**Problem statement**
A partial copy is required: transcribe exactly the lines from the one containing "Paion Action" through the last line below, without any pictures.

═══ Records for this task

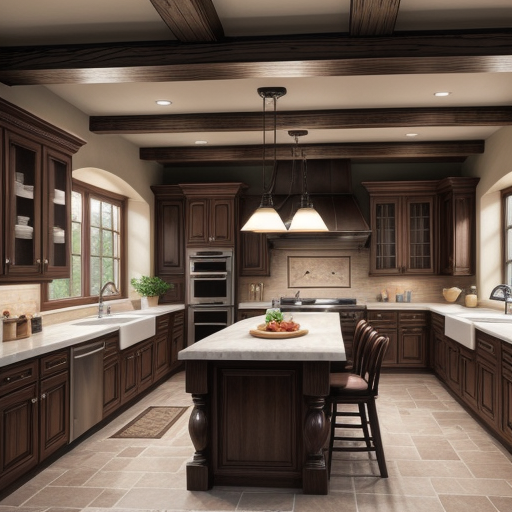 Photo from How Economic Trends Influence the Real Estate Market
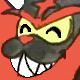 a_smile Discord emoji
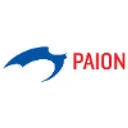 Paion Action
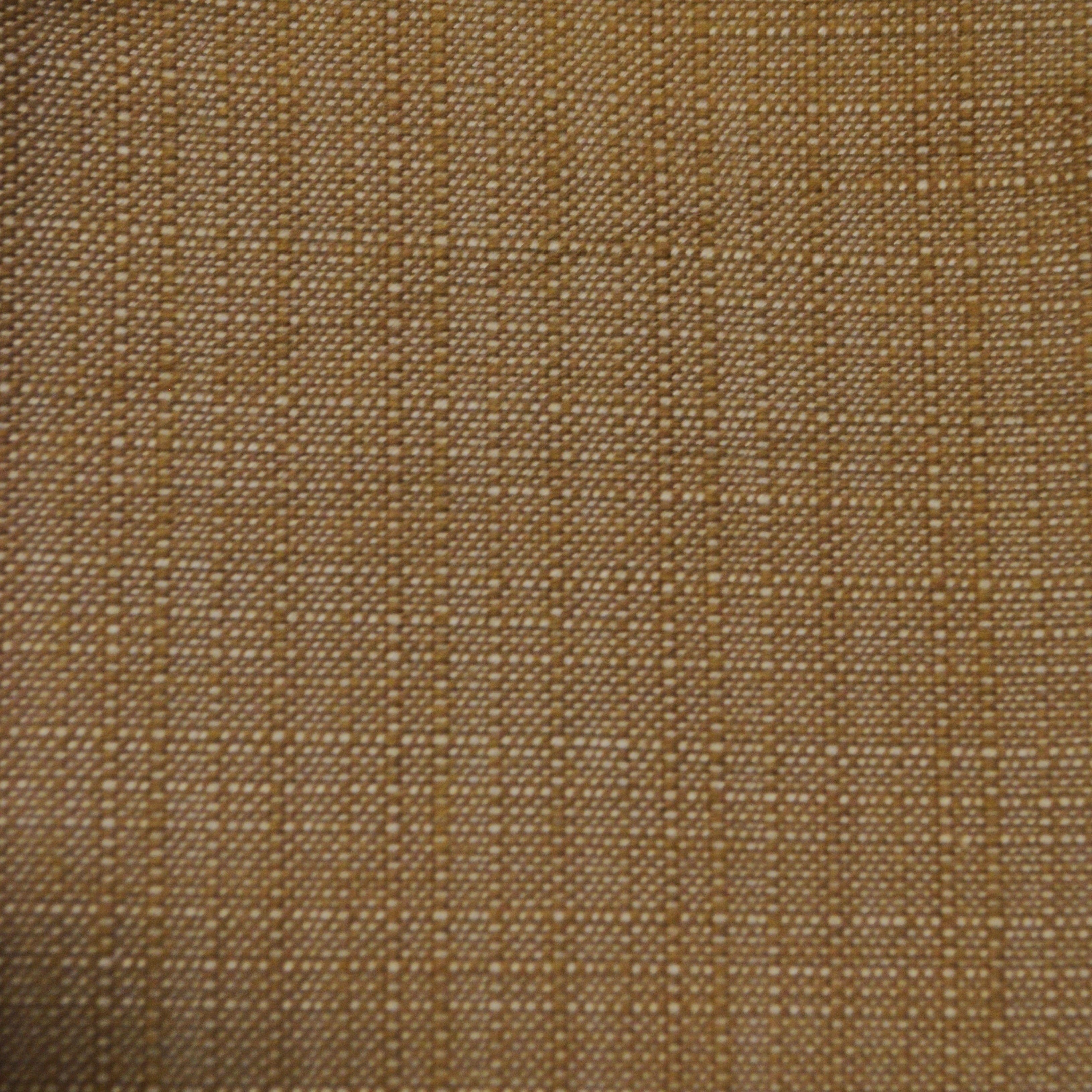 Bamboo Angora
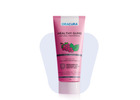 Oracura nHA Toothpaste for Advanced Enamel Protection and Daily Oral Care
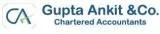 E-commerce inventory audit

══════

**Answer to the exercise**
 Paion Action
 Bamboo Angora
 Oracura nHA Toothpaste for Advanced Enamel Protection and Daily Oral Care
 E-commerce inventory audit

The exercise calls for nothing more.